## WORK ITEM
All that should be output is the block of lines below from the line with "iş adamları modern" to the line with "Born Crown multi", both included, exactly as written.

## DATA FOR REVIEW

======

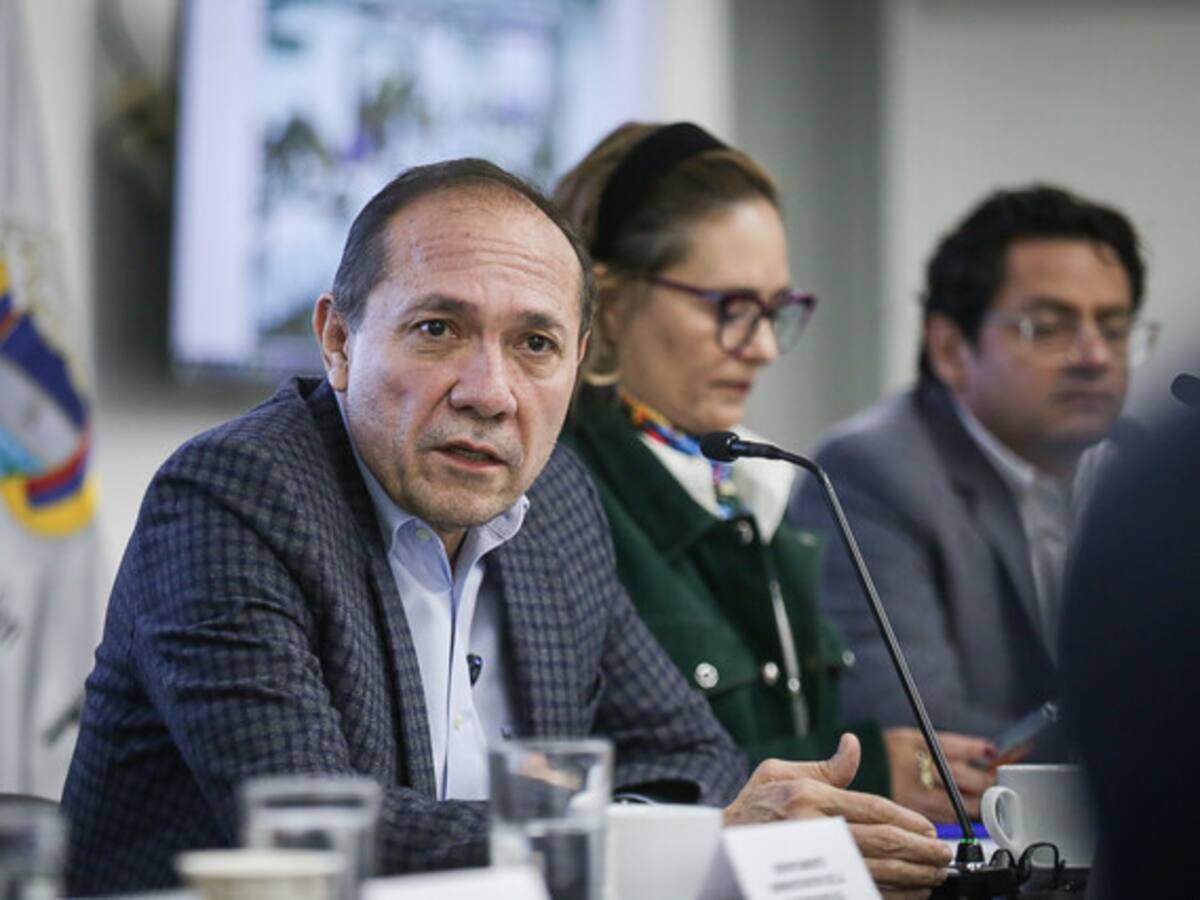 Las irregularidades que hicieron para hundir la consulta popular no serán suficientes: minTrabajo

======

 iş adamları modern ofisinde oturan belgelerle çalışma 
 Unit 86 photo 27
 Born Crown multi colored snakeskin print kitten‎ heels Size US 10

======

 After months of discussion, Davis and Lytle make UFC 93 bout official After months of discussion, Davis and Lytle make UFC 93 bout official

======

## WRITTEN SOLUTION
 iş adamları modern ofisinde oturan belgelerle çalışma 
 Unit 86 photo 27
 Born Crown multi colored snakeskin print kitten‎ heels Size US 10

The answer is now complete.